Fada 220 Mk2 (1941)

The letters F-A-D-A are the initials of Frank Angelo D'Andrea, who founded the company in the 1920s. FADA produced many radios and televisions over the years, but its Catalin radios—particularly the Bullet—are the best-known models.  The 1888 Italian born Frank lived in New York when he made his early radios, but the company was sold in 1934. This Bakelite radio model  I found was living in Portugal and nobody wanted it because all 6 valves, the back, speaker and front knobs were missing. But you guessed it I brought it, for just £6  and £20  post. I think I was drawn to the tuning dial, the seller just sold it as 'a fairy' brand, which was the name of one of Fada Catalin models. 
National AT-290 donor radio from 1959
After spending many hours trying to locate a circuit diagram that matched the chassis I gave up. I think the cabinet was from a different model to the chassis inside and many components had been removed in a bit to restore it in the past, so I decided to install another chassis yet again and this time though to save cost I put a National transistor from 1959 that had a badly damaged cabinet so was no great loss. 
Old car speaker used to replace original
The original loudspeaker was missing it's cone so I fitted a similar size Philips car speaker in it's place using Aroldite to attach to the baffle ( baffle to narrow for crews) That too a couple of attempts due to the chassis hitting it when re-inserted. Next job was to remove all the no essential parts from the main chassis leaving the tuning capacitor. 

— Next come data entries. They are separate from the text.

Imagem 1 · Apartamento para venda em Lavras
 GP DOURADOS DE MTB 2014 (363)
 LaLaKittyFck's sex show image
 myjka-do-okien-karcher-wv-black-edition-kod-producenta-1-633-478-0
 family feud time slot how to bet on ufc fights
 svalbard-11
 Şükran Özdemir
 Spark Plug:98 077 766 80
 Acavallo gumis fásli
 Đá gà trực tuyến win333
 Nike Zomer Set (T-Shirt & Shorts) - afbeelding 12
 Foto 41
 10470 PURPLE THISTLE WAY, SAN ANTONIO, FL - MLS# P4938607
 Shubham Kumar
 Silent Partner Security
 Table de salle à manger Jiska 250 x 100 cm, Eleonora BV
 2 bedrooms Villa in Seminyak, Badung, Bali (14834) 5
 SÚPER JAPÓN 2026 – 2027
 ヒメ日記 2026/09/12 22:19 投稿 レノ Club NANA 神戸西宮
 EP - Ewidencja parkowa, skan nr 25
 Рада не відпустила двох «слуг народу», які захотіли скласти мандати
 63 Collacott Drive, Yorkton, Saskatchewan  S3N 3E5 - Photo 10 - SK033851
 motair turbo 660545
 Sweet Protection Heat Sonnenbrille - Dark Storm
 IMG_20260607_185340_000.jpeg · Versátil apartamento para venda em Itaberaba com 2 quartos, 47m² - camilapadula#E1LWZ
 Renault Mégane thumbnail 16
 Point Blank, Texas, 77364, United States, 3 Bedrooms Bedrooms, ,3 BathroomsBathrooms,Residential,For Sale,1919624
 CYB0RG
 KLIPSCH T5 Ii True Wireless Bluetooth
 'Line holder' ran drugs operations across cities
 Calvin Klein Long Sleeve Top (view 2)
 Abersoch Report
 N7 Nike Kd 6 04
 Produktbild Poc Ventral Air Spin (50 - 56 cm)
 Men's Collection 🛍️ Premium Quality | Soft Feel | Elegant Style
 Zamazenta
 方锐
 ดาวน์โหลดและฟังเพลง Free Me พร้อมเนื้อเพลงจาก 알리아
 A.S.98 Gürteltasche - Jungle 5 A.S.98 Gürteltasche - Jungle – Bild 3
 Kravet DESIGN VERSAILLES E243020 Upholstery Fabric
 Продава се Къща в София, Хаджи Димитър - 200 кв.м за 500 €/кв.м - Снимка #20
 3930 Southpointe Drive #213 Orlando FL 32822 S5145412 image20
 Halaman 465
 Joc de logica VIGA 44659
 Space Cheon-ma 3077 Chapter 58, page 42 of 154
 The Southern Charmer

Chassis fixed in place by L shaped bracket
The Nation radio was MW & SW the same as what the dial displays so I just removed the 2 x 330 pf tuner wire (Oscillator and RF connection, and earth). I fitted the National via an 'L' bracket I made using the old tuner hole fixings. 
Old chassis after drilling out valve bases and IF cans etc.,
The band switch was far too integrated with the National to be easily removed so I gave access to it from the rear of the set. Band switch on Fada was converted into a Local/Distant switch. The volume control was replaced with  an on/off 47 K ohm pot I found in a used box along was 3 Bakelite knobs I brought from a large collection recently. 
Dial with 3 LED's at top
The original 6.3 volt bulb was removed and 3 x LED's in series with a 1.5k resistor and across the 9 volt rail via the on/off switch negative feed. The missing back was traced out on a sheet of plastic and cut slightly smaller to fit inside as the back bolt holes were not recessed, all looked OK, I fixed an old SW aerial rod to the back and she was a runner again.